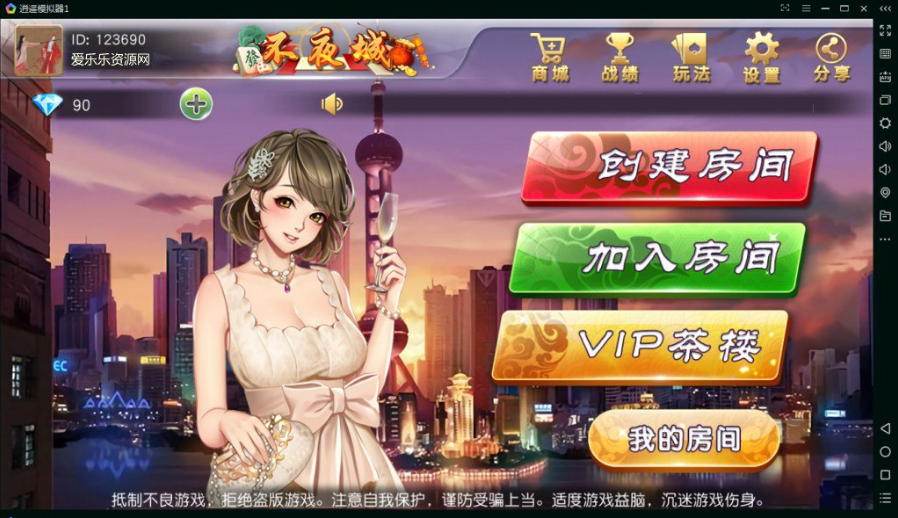 不夜城麻将游戏棋牌类游戏 详细整套全编码开源系统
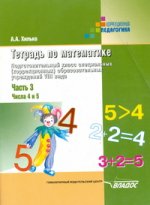 Тетрадь по математике. Подготовительный класс специальных (коррекционных) образовательных учреждений 8 вида. Часть 3. Числа 4 и 5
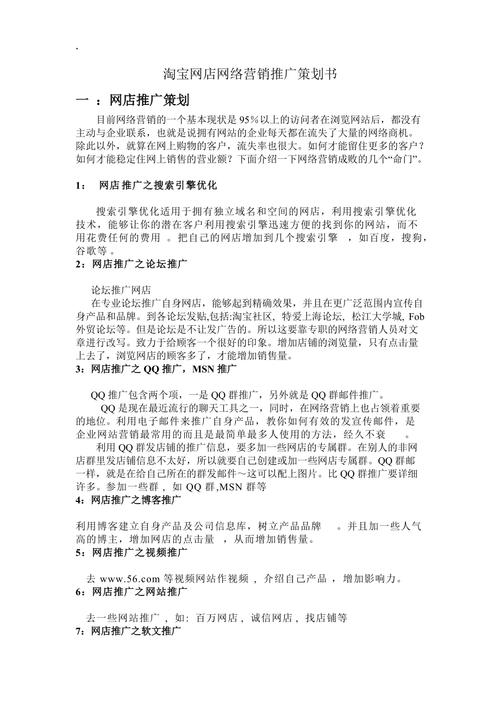门户网站营销策略_模板介绍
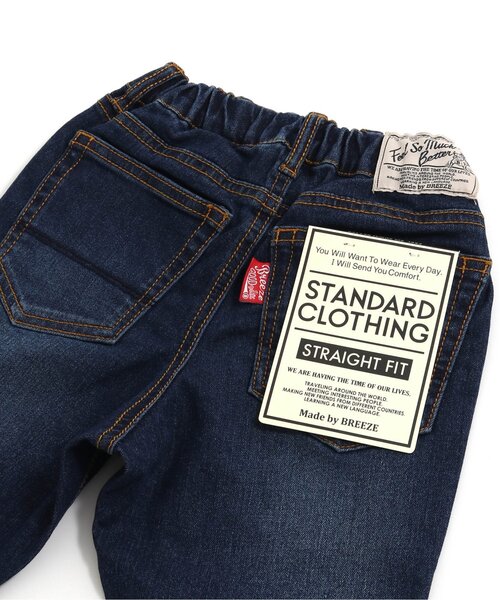 BREEZE(ブリーズ)の「STANDARDデニム 10分丈_ストレッチ(デニムパンツ・キッズ・ブルー/ネイビー・130/110/140/100/90/150/120)」の9枚目の写真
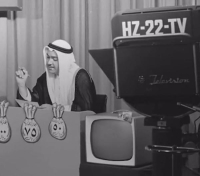 التلفزيون السعودي انطلق رسميا في عام 1965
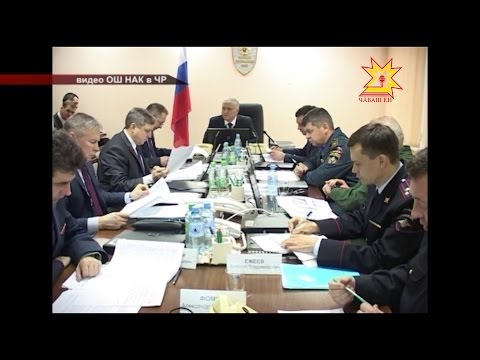 Завершающий этап командно-штабного учения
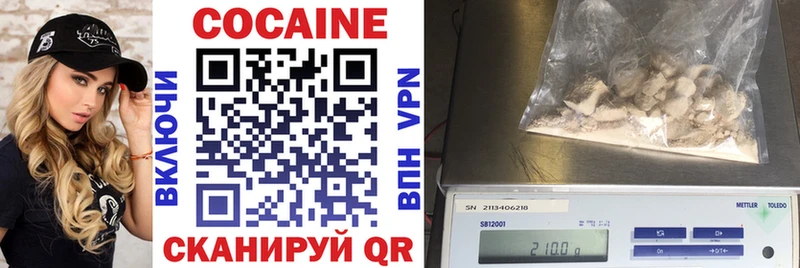 Кокаин 98%  магазин продажи   Сарапул 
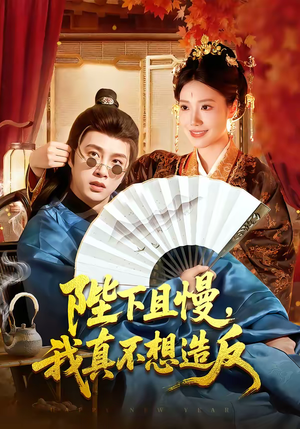 陛下且慢，我真不想造反（107集）古装短剧推荐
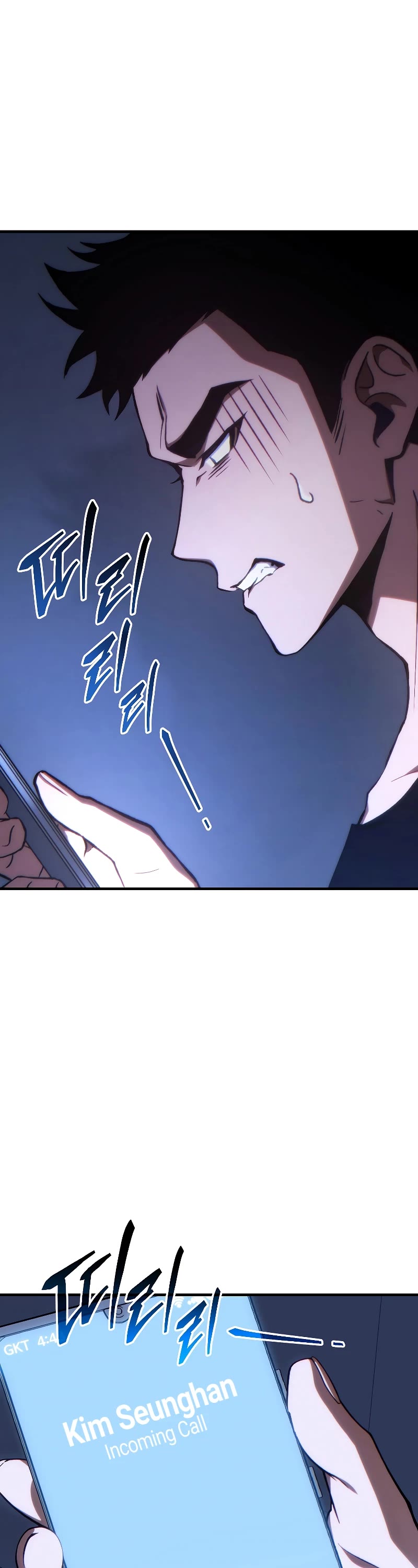 The Max-Level Player’s 100th Regression chapter 28 page 2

▶ **Directions**
Output the complete listing exactly as it appears, except for the images.

▶ **Your solution**
 不夜城麻将游戏棋牌类游戏 详细整套全编码开源系统
 Тетрадь по математике. Подготовительный класс специальных (коррекционных) образовательных учреждений 8 вида. Часть 3. Числа 4 и 5
门户网站营销策略_模板介绍
 BREEZE(ブリーズ)の「STANDARDデニム 10分丈_ストレッチ(デニムパンツ・キッズ・ブルー/ネイビー・130/110/140/100/90/150/120)」の9枚目の写真
 التلفزيون السعودي انطلق رسميا في عام 1965
 Завершающий этап командно-штабного учения
 Кокаин 98%  магазин продажи   Сарапул 
 陛下且慢，我真不想造反（107集）古装短剧推荐
 The Max-Level Player’s 100th Regression chapter 28 page 2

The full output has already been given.